*** Opening RECORDS SUPPLIED ***

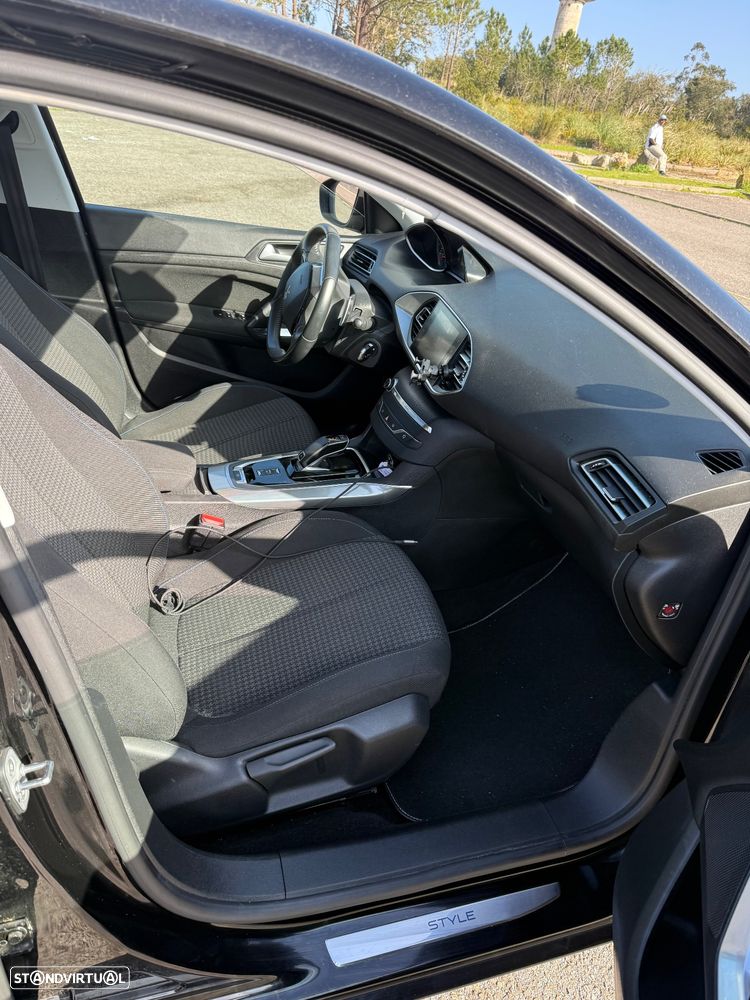 Peugeot 308 PureTech 130 GPF EAT8 Stop & Start Allure - 7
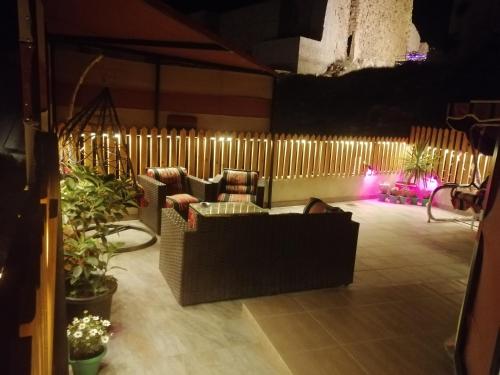 Un lugar para sentarse en Bubble castle house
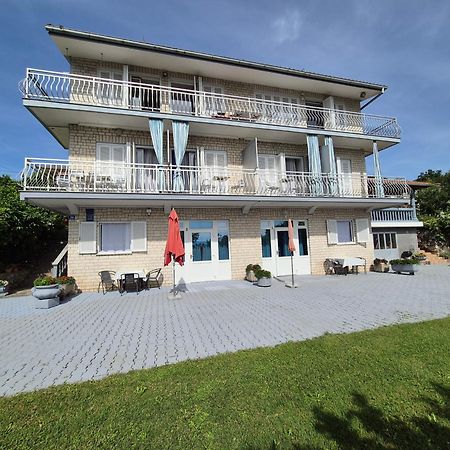 Apartmani Adria أوباتيا المظهر الخارجي الصورة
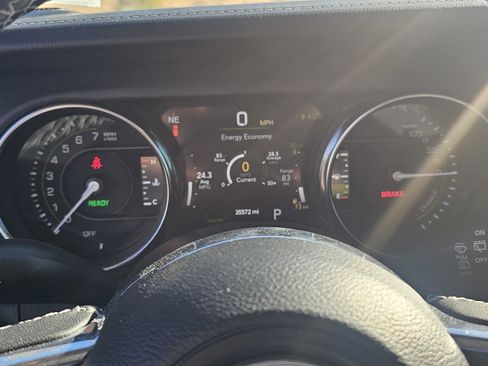 Used 2023 Jeep Wrangler Unlimited Sahara AWD/4WD image 10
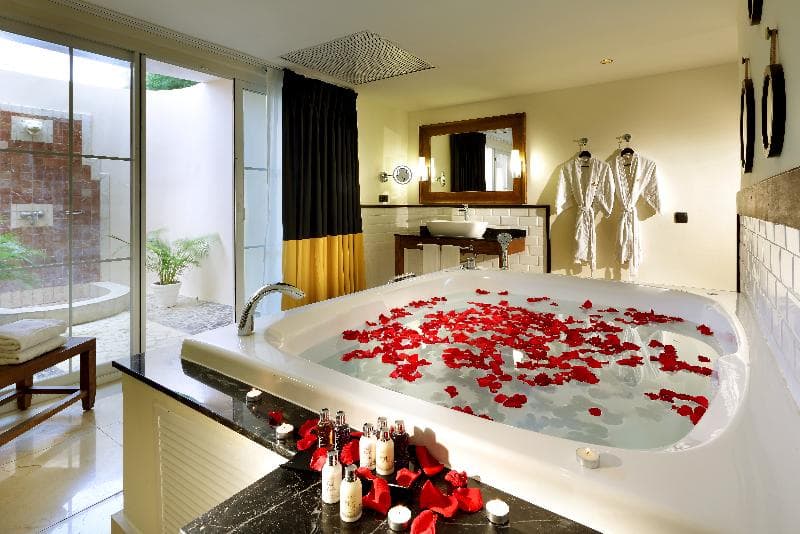 The Signature Level Grand Palladium Lady Hamilton 5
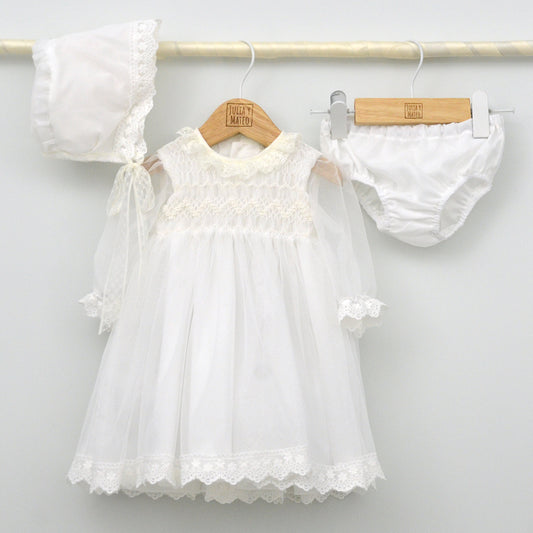 traje bautizo niña artesanal manga larga clasico hecho en españa a mano nido de abeja, vestido bautismo elegante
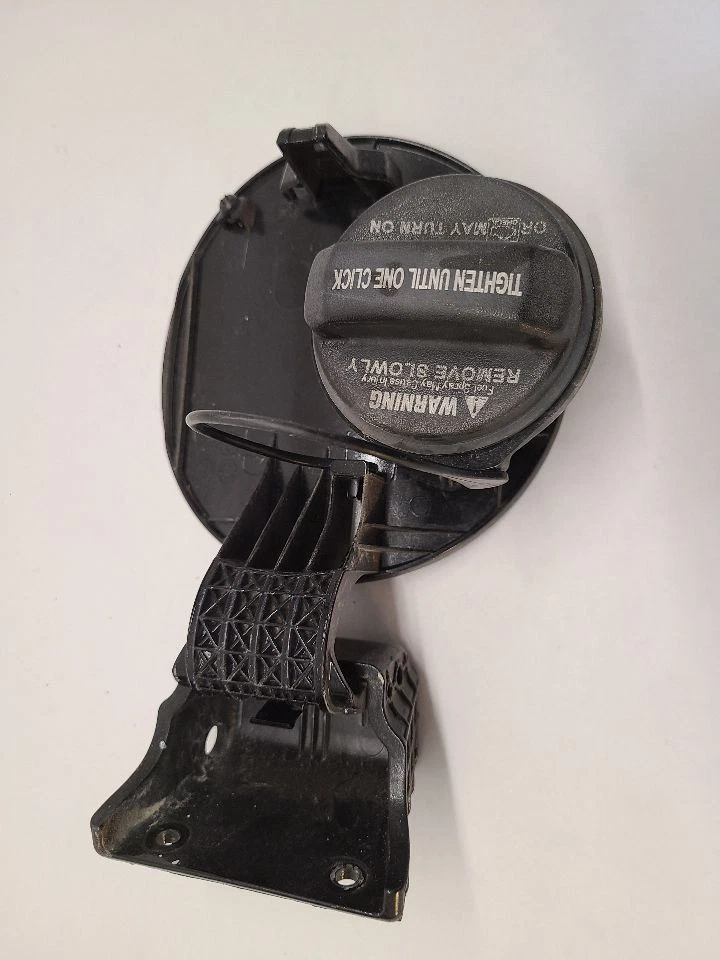 2014-2016 HYUNDAI ELANTRA Fuel Filler Door Black 695103X001 14-16 Foto 4 de 4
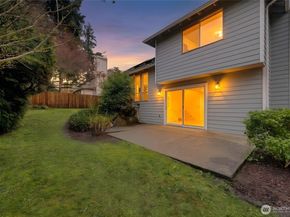 10012 SE 247th Place, Kent WA 98030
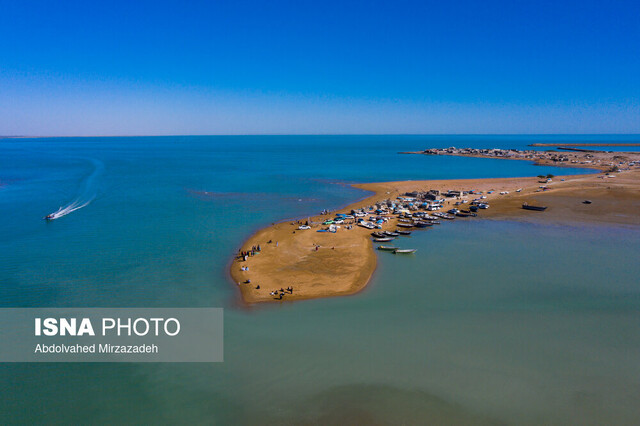 عکاس: عبدالواحد میرزازاده فرصتهای پنهان در دریا؛ ظرفیت بهرهبرداری اصولی از ۵۸۰۰ کیلومتر خط ساحلی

*** Closing RECORDS SUPPLIED ***

Every line of the data above is to be repeated exactly; the images are to be left out.

> [SOLUTION TO THE EXERCISE]
 Peugeot 308 PureTech 130 GPF EAT8 Stop & Start Allure - 7
 Un lugar para sentarse en Bubble castle house
 Apartmani Adria أوباتيا المظهر الخارجي الصورة
 Used 2023 Jeep Wrangler Unlimited Sahara AWD/4WD image 10
 The Signature Level Grand Palladium Lady Hamilton 5
 traje bautizo niña artesanal manga larga clasico hecho en españa a mano nido de abeja, vestido bautismo elegante
 2014-2016 HYUNDAI ELANTRA Fuel Filler Door Black 695103X001 14-16 Foto 4 de 4
 10012 SE 247th Place, Kent WA 98030
 عکاس: عبدالواحد میرزازاده فرصتهای پنهان در دریا؛ ظرفیت بهرهبرداری اصولی از ۵۸۰۰ کیلومتر خط ساحلی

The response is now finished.